Who pays the the developers? Is the school expected to pay the developers?




Schools have been buying applications since long before Clever. These are usually (but not always) gaint contracts across multiple schools or districts. after they are signed it can take months or sometimes full schoolyears to get the app provisioned and set up. This has to happen every time data changes as well. With clever it takes minutes.


They charge companies like ours (Poll Everywhere) to push/pull instructor/student data into our app. Schools pay us for our product. Its super valuable because our developers can focus on building high-value features specific to our app and not boring LMS integration details.


I was thinking a similar thing... what kind of apps would I develop?

Sick day trackers, maybe some kind of grade statistics apps... there's a lot of value in these kinds of apps, but i'm not sure there's enough to support the infrastructure needed to sell things to thousands of different schools.


I built a student tracker/analytics app for use by parents (and students) which integrates with school systems, but I tend to agree that you could not charge parents enough to pay for the Clever integration costs.

The only way I think this will pan out for Clever is if they can somehow become the gatekeeper into the schools, whereby enterprise'ish edtech software companies are required to pay-to-play, such as an AppStore model.

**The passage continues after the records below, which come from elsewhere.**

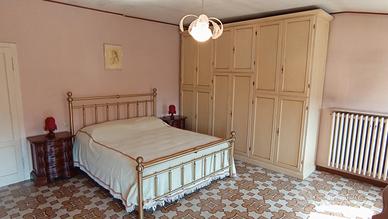 Camera da letto matrimoniale in stle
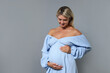 © New Africa - Portrait of beautiful pregnant woman on grey background, space for text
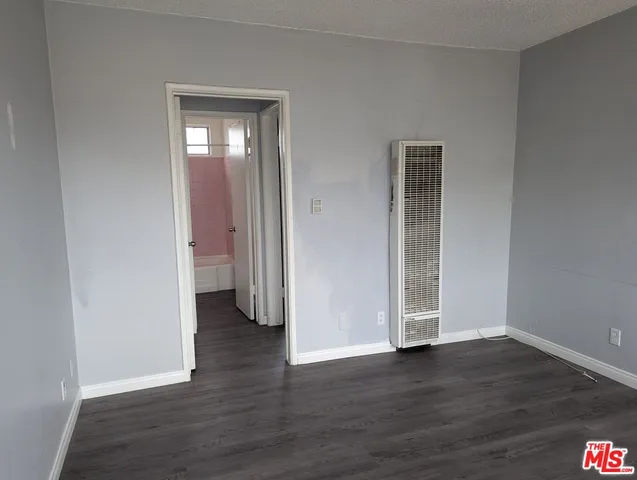 an empty room with wooden floor and closet
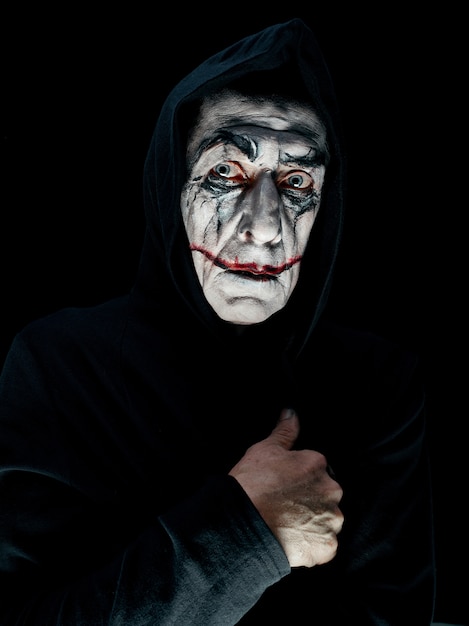 Tema sangriento de Halloween: la cara de maníaco loco en estudio oscuro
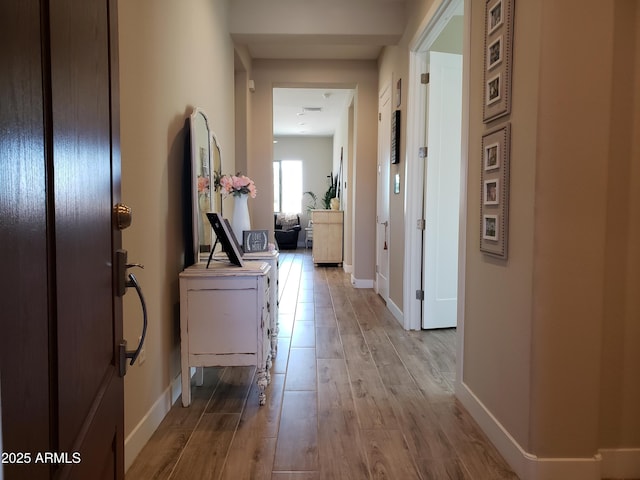 hallway featuring light wood-style flooring and baseboards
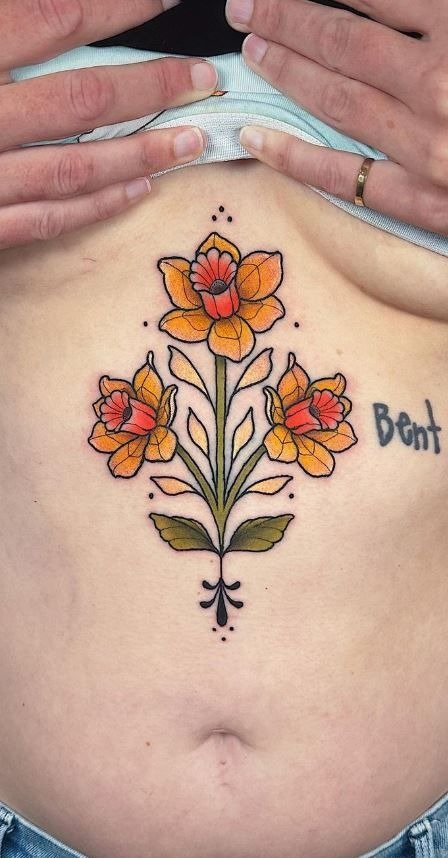 Bold Folk-Inspired Daffodil Trio Tattoo Design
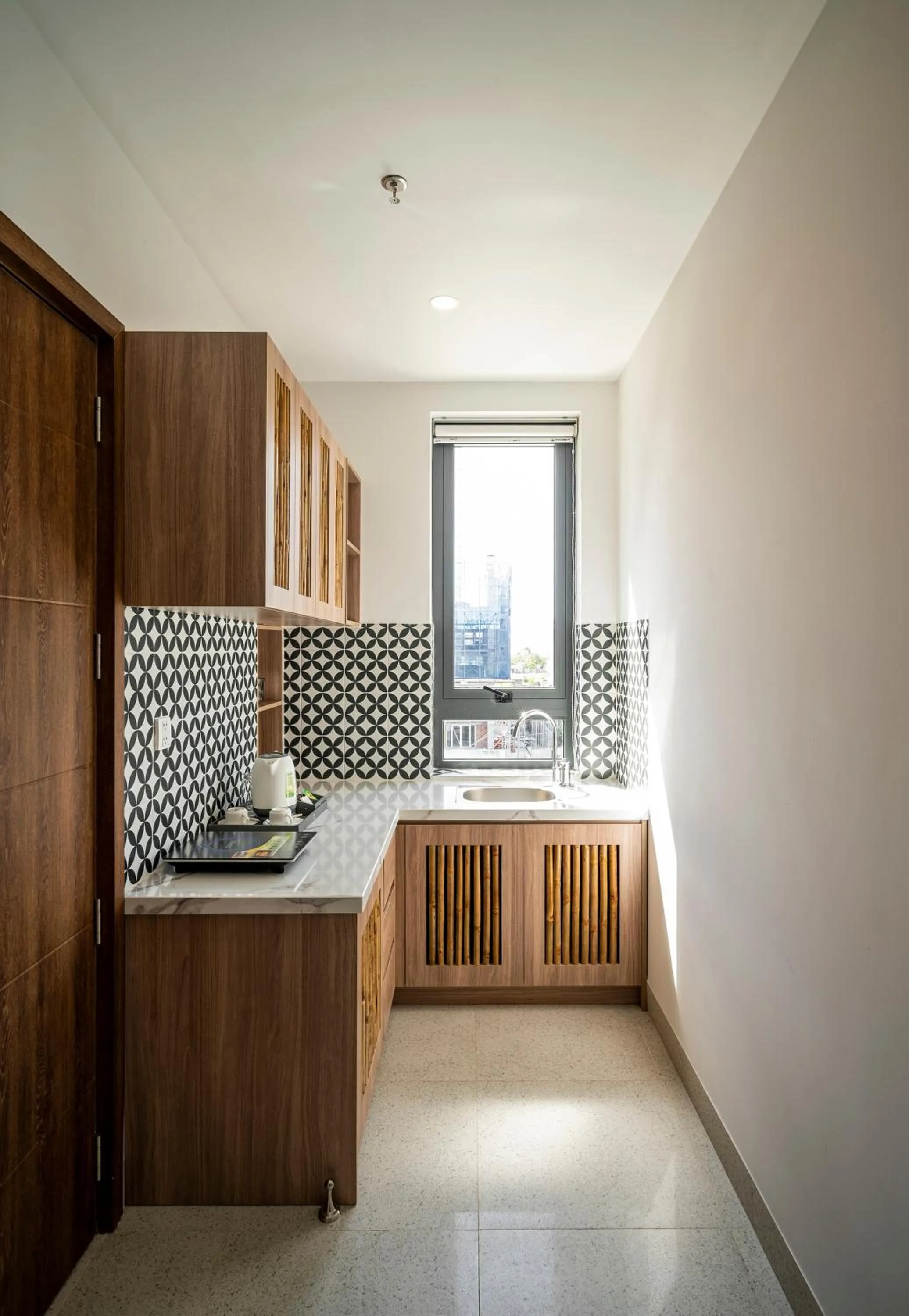 Kitchen or kitchenette in The Kila Boutique Hotel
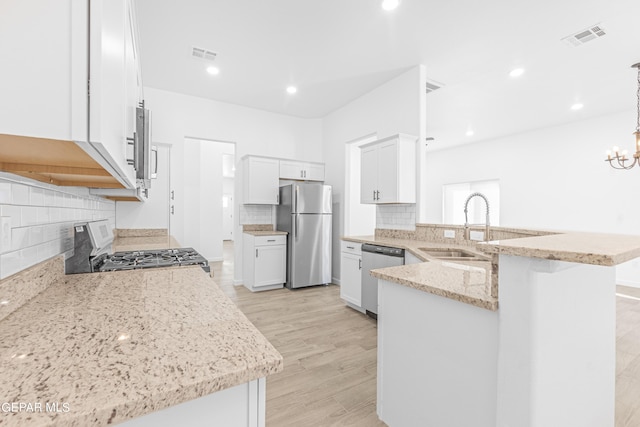 kitchen with white cabinetry, tasteful backsplash, kitchen peninsula, stainless steel appliances, and light hardwood / wood-style floors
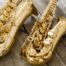 Close-up photograph of two saxophones placed on a wooden floor.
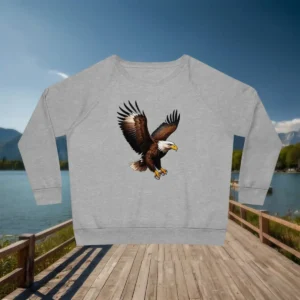 Flatlay of grey sweatshirt featuring a bold bald eagle with wings spread wide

What I don't understand is why the existing back-office edtech software companies are allowing them to do so. They should be charging Clever significant integration/certification fees. Its done in other markets.


I may be entirely off the mark, but reading about this gives me pause as I think of all of the 3rd parties that invested in other platforms (Twitter), only to be cut-off later. Why would I hitch my ride to this wagon?


And this then becomes the problem.

Clever act like they are doing this out of the kindness of their hearts. They aren't.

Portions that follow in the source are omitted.